Task description: None of the images should appear in your copy. Transcribe the data in full.

Material to process:

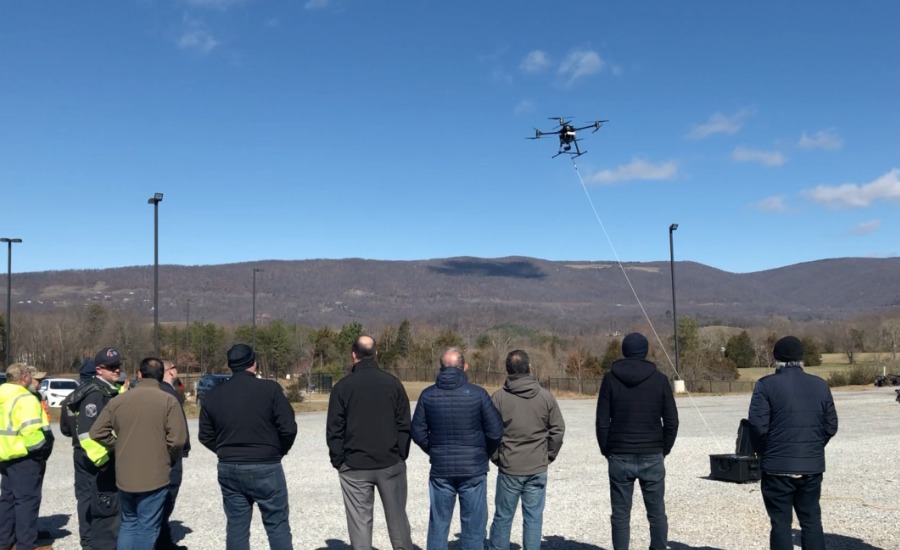 zenith aerotech tethered drone demo event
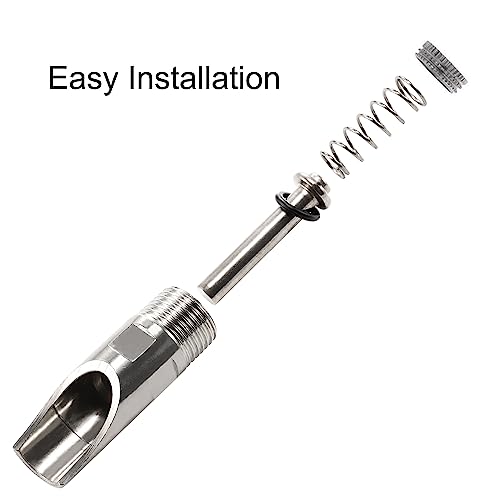uxcell 1/2 PT Thread Pig Nipple Drinker Feeder Waterer Metal Automatic Pig Water Nipple for Sows Piglets Drinking, 1 Pc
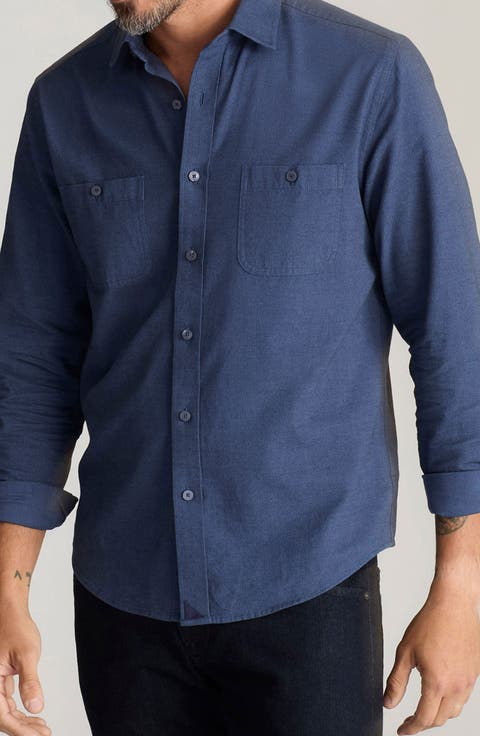 Hemsworth Flannel Twill Button-Up Shirt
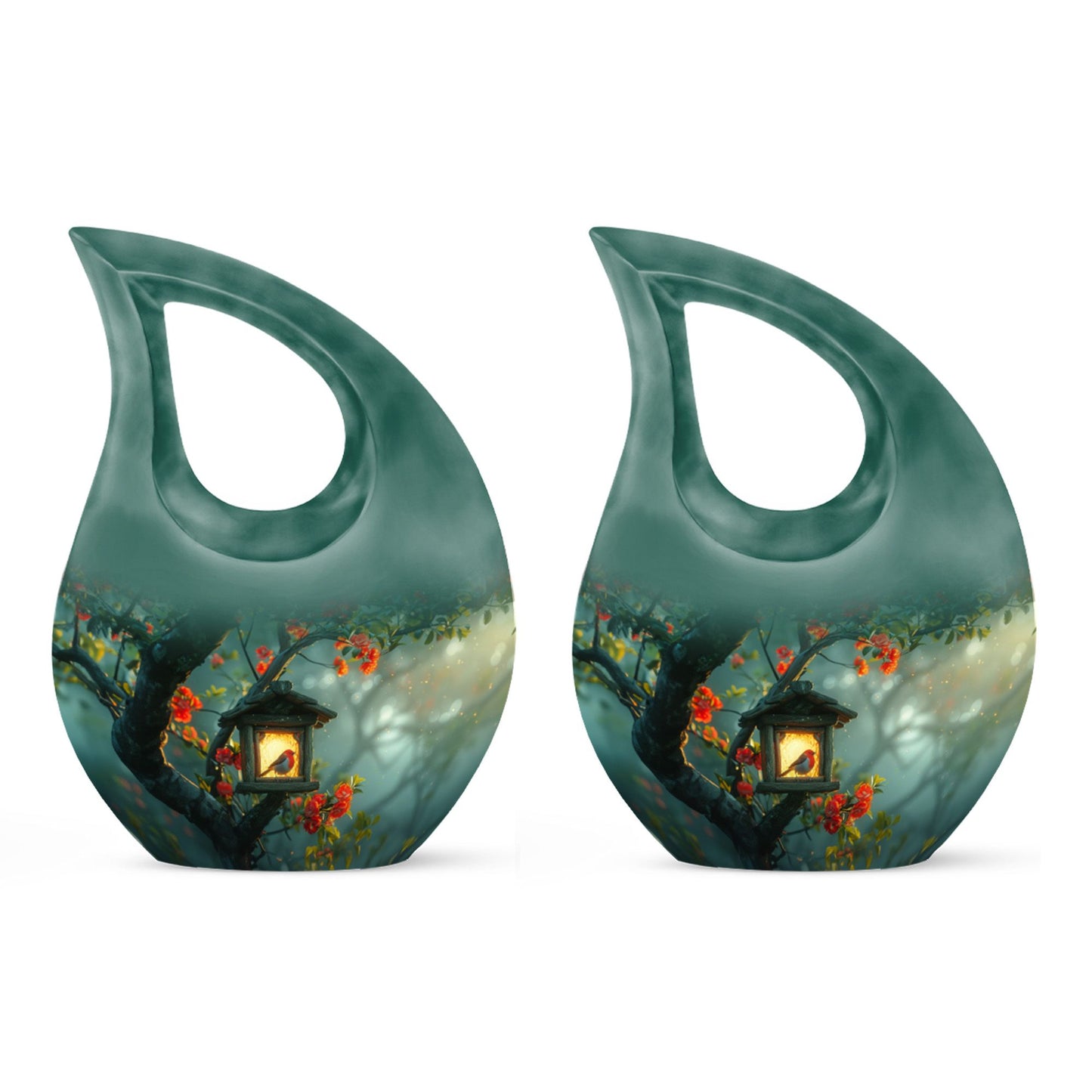 Lantern Bird's Memorial Urn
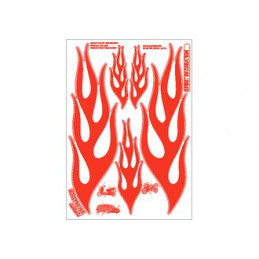 Kits Autocollants "SPIRIT DECORATION" forme FLAMME Rouge.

Answer to this task:
 zenith aerotech tethered drone demo event
uxcell 1/2 PT Thread Pig Nipple Drinker Feeder Waterer Metal Automatic Pig Water Nipple for Sows Piglets Drinking, 1 Pc
 Hemsworth Flannel Twill Button-Up Shirt
 Lantern Bird's Memorial Urn
 Kits Autocollants "SPIRIT DECORATION" forme FLAMME Rouge.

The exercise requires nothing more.